INPUT DATA
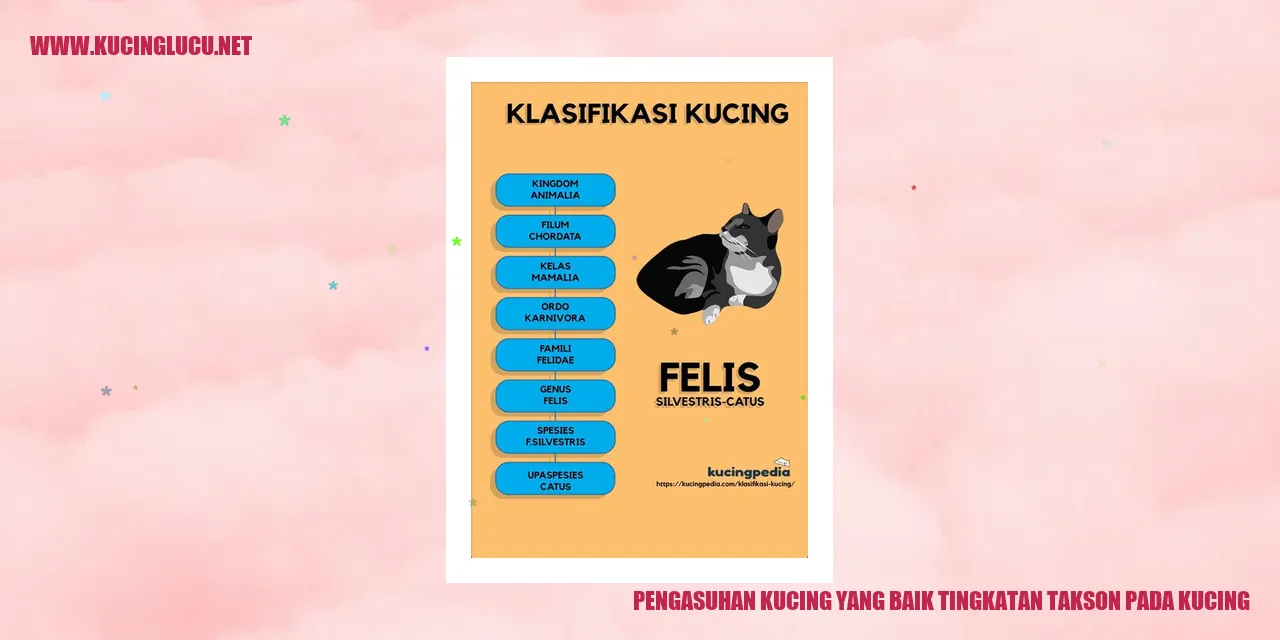 Gambar kucing lucu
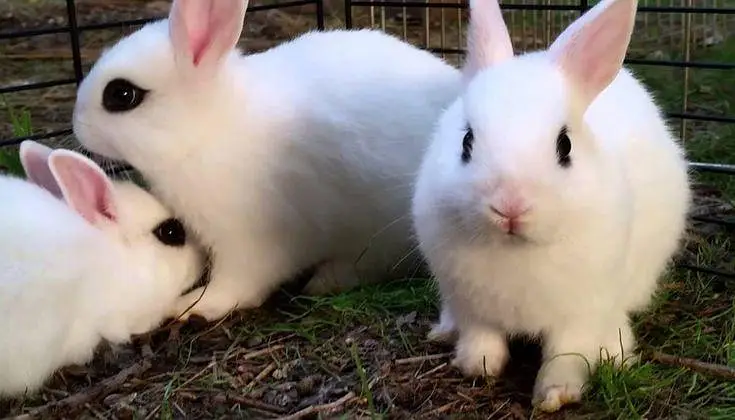 Dwarf Hotot Rabbits breeder pair for Sale | Male & Female | 12 Month — photo 7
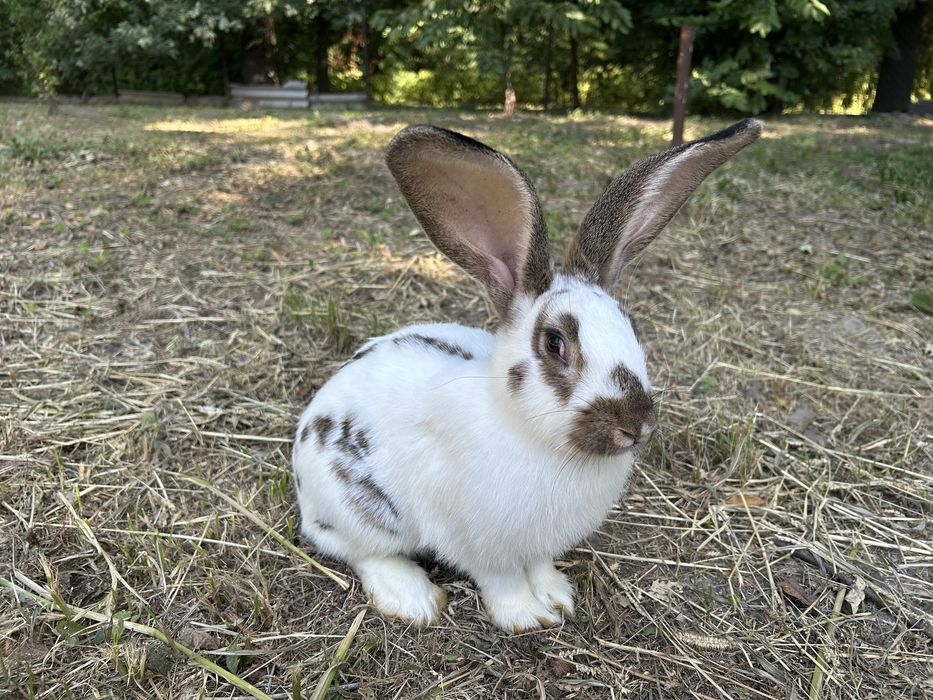 Кролики породисті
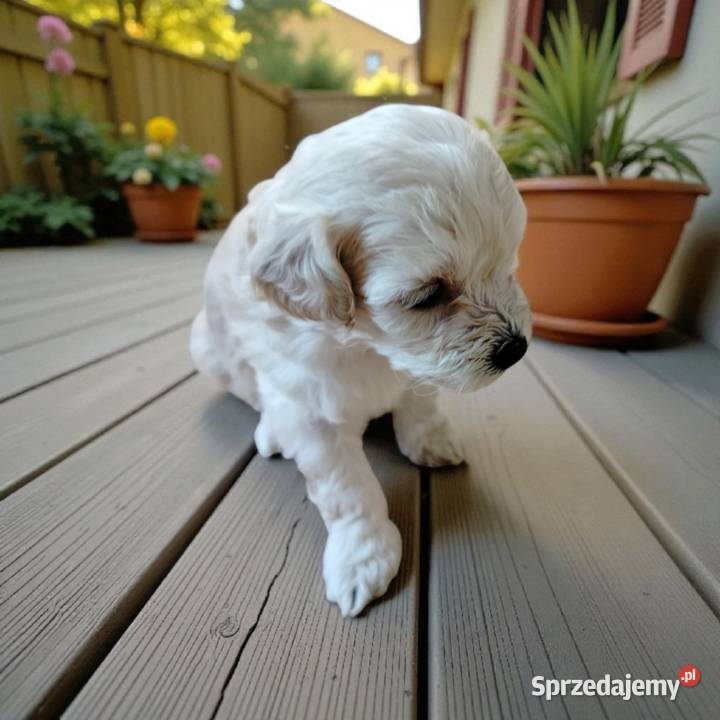 Maltipoo Chojnice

TASK OBJECTIVE
Output the full material exactly as given, without its pictures.

WRITTEN RESPONSE
 Gambar kucing lucu
 Dwarf Hotot Rabbits breeder pair for Sale | Male & Female | 12 Month — photo 7
 Кролики породисті
 Maltipoo Chojnice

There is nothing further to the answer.